See more from this Session: Symposium--Reuse of Wastewaters: Land Application Issues
Monday, November 1, 2010: 10:30 AM
Long Beach Convention Center, Room 104A, First Floor
Land application treatment of wastewater has been a viable alternative for sustainable wastewater treatment and reuse. It is an important alternative treatment technology for industries such as food processors and dairies, as a means to maintain a low energy, lower cost treatment process for organic and nutrient rich wastewaters. For municipalities, it offers a means to reuse a valuable resource and conserve scarce potable water supplies. Instead of direct discharge to surface waters, land application is a discharge to soils, crops, and groundwater on a macro scale making performance monitoring and data interpretation a challenge.

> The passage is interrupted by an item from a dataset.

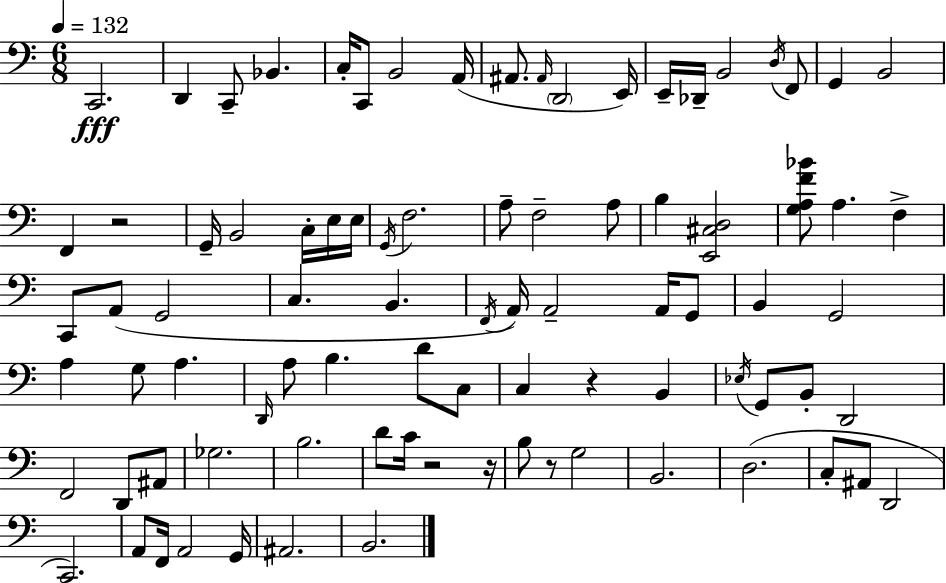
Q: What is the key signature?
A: C major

Interpretations of operational monitoring data for groundwater quality protection is typically by inference through computations of water and nutrient balances and review of soil residual nutrient content. Regulatory agency personnel often lack the agronomic training and skills to understand the monitoring data and must rely on groundwater monitoring results for evidence that land application is being protective of groundwater quality. Where groundwater is deep, or not highly responsive to surface inputs, groundwater sampling and analysis is ineffective for documenting compliance. The regulatory acceptability and operational feasibility of land application treatment often hinders the ability to confidently and practically monitor the fate and transport of nutrients in the vadose zone before it reaches groundwater. New and improved, practical, cost-effective methods are needed to quantify nutrient balances and fate of nitrogen, phosphorus, salts, and other contaminants on a macro scale in the vadose zone on a timely basis. This presentation explores the current state of land application system monitoring and identifies specific concerns and needs for developing practical monitoring systems and techniques to provide direct interpretation and management of potential impacts to groundwater quality. Once commercialized, these techniques could be implemented for not only wastewater reuse, but agriculture, and agricultural waste management, as well.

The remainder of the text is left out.